Why Excepcion::all() Works, But where() Fails

The reason Excepcion::all() works smoothly is that the all() method immediately executes the query and returns a collection of models. When you pass this result to ExcepcionResource::collection(), you are passing an actual Eloquent Collection object, which the Resource layer knows exactly how to handle.

When you use where('active', '1'), you are chaining methods on the Builder. In certain contexts, trying to pass the live Builder object directly results in method resolution failures within the API pipeline, leading to the "undefined method" error because the necessary execution steps haven't been completed yet.

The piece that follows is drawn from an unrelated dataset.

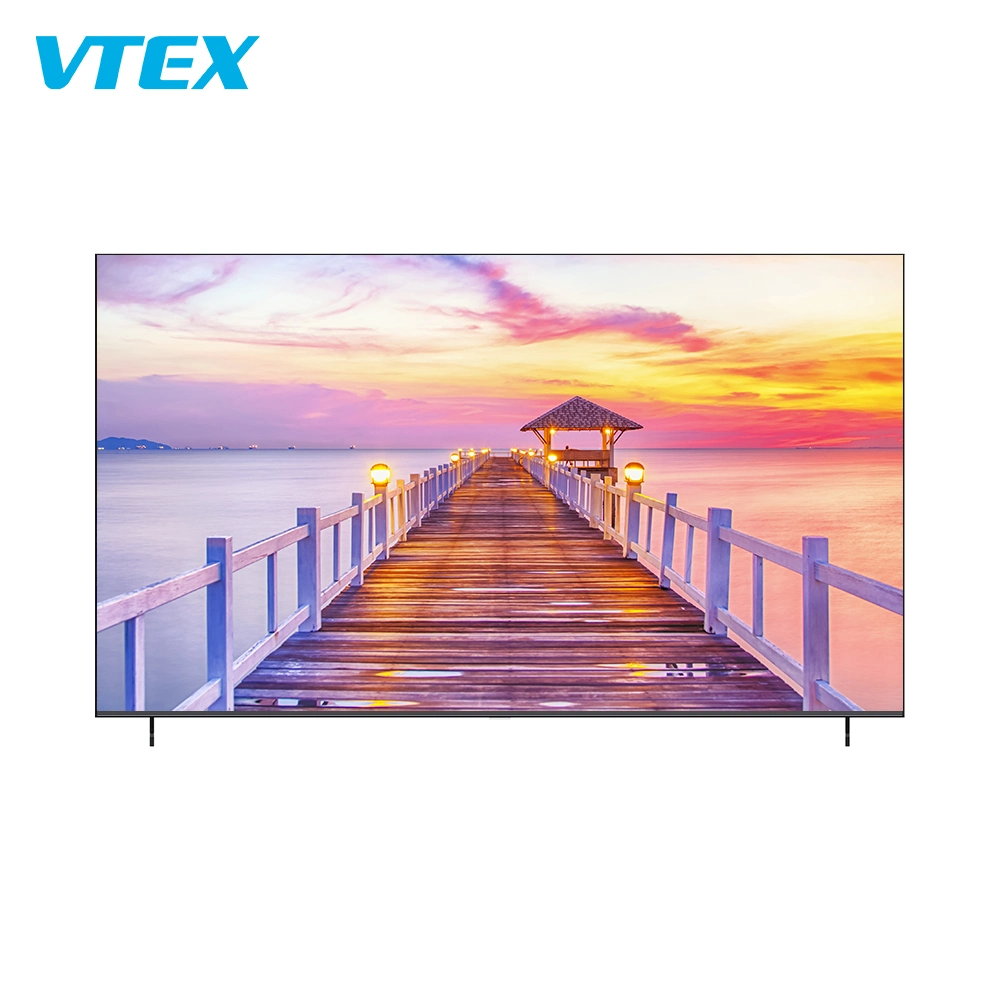 Manufacture Customized 4K UHD Digital Television Big Size Frameless Display WiFi Online Smart TV for Home Office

The Solution: Executing the Query Explicitly

The solution is straightforward: you must tell the Eloquent Builder to execute the query and retrieve the data before passing it to the Resource collection. You can do this by calling a method like get() or get() on the builder immediately after applying your constraints.

Here is the corrected implementation:

use App\Excepcion;
use App\Http\Resources\Excepcion as ExcepcionResource;

Route::get('/list/excepciones', function () {
    // Execute the query using get() to fetch the results into a Collection
    $excepcions = Excepcion::where('active', '1')->get();
    
    return ExcepcionResource::collection($excepcions);
});

Best Practice: Using Query Scopes for Cleaner Code

While the above solution fixes the immediate error, it’s important to remember that complex filtering logic should be kept separate from your route definitions. A much cleaner and more maintainable approach is to utilize Eloquent Local Scopes. Local scopes allow you to encapsulate reusable query constraints directly on your model, making your controller logic extremely clean.

For instance, you could define a scope on the Excepcion model:

// In App\Excepcion.php
public function scopeActive($query)
{
    return $query->where('active', '1');
}

Then your route becomes significantly cleaner:

Route::get('/list/excepciones', function () {
    // The query is now highly readable and declarative
    $excepcions = Excepcion::active()->get(); 
    
    return ExcepcionResource::collection($excepcions);
});

This approach aligns perfectly with Laravel's philosophy of building expressive, robust applications. As you manage larger API structures, leveraging these Eloquent features is crucial for maintaining clean separation between data logic and presentation layers, which is a core principle supported by the entire Laravel framework, including best practices discussed on the Laravel Company website.

Conclusion

The error you encountered stems from attempting to pass an unexecuted Eloquent Query Builder object directly into a method expecting a concrete collection of data. By explicitly calling methods like get() on your builder, you force the database query to execute, fetch the results, and return a standard Laravel Collection, which is exactly what the Resource::collection() method expects. Always ensure your data retrieval steps are fully materialized before passing them to API presentation layers for reliable performance and stability.